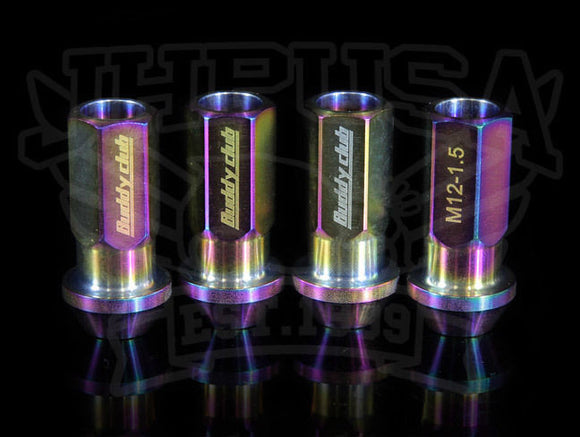 16 Buddy Club Racing Lug Nuts - NeoChrome - M12x1.5 - Honda/Acura - BC01-LN12150625 - HPTautosport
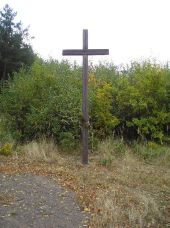 Velká Buková, Malá Buková - Dřevěný kříž  u Malé Bukové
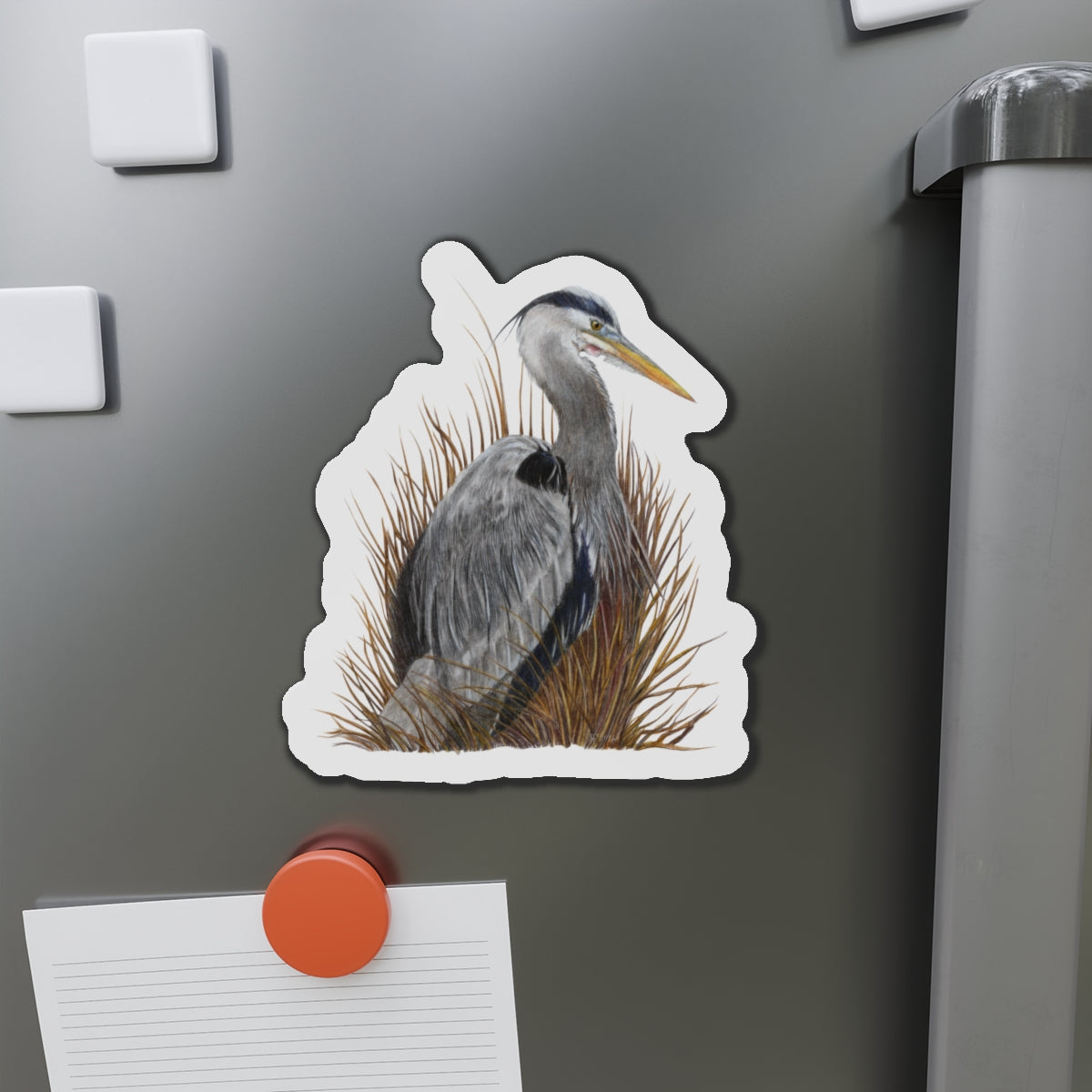 Great Blue Heron Die-Cut Magnets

→ About this task:
Before you finish, make sure every line above has been repeated exactly and no picture remains in the copy.

→ Solution below:
 16 Buddy Club Racing Lug Nuts - NeoChrome - M12x1.5 - Honda/Acura - BC01-LN12150625 - HPTautosport
 Velká Buková, Malá Buková - Dřevěný kříž  u Malé Bukové
 Great Blue Heron Die-Cut Magnets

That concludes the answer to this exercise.